Required work —
Look below for the line that contains "The fixed deposit" and the line that contains "I then take", then restate both of them and every line in between, exactly. No picture goes in the copy.

Dataset entries —

******************************

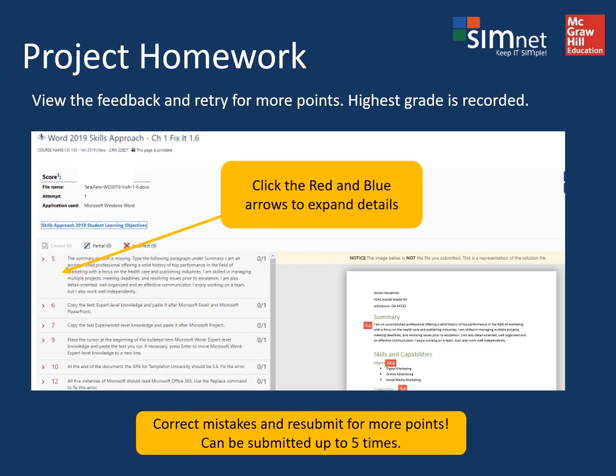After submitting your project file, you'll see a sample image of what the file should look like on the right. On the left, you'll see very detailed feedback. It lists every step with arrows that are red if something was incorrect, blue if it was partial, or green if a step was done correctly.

******************************

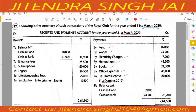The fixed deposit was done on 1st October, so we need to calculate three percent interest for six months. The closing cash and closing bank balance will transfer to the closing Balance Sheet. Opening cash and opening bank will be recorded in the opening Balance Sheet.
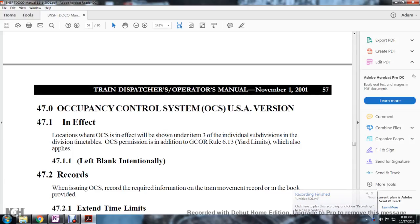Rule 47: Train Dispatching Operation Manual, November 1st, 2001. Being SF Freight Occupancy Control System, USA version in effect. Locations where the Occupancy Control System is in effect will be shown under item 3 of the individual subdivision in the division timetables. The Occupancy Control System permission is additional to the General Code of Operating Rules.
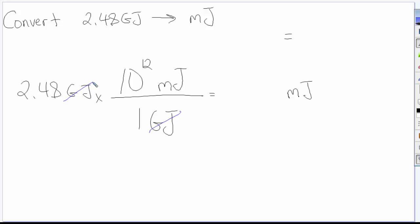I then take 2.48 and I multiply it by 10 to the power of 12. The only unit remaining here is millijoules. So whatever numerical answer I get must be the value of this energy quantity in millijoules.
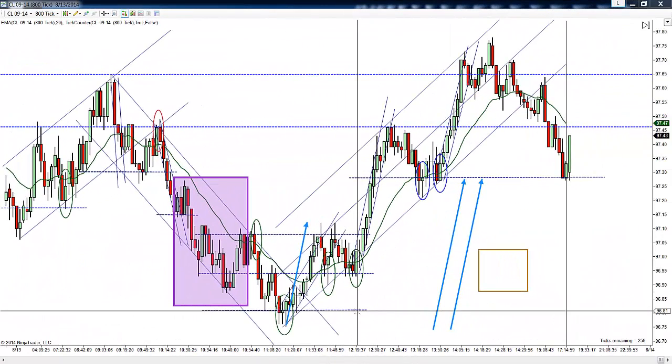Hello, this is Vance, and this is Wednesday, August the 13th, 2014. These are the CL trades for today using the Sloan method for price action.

******************************

Task solution —
The fixed deposit was done on 1st October, so we need to calculate three percent interest for six months. The closing cash and closing bank balance will transfer to the closing Balance Sheet. Opening cash and opening bank will be recorded in the opening Balance Sheet.
Rule 47: Train Dispatching Operation Manual, November 1st, 2001. Being SF Freight Occupancy Control System, USA version in effect. Locations where the Occupancy Control System is in effect will be shown under item 3 of the individual subdivision in the division timetables. The Occupancy Control System permission is additional to the General Code of Operating Rules.
I then take 2.48 and I multiply it by 10 to the power of 12. The only unit remaining here is millijoules. So whatever numerical answer I get must be the value of this energy quantity in millijoules.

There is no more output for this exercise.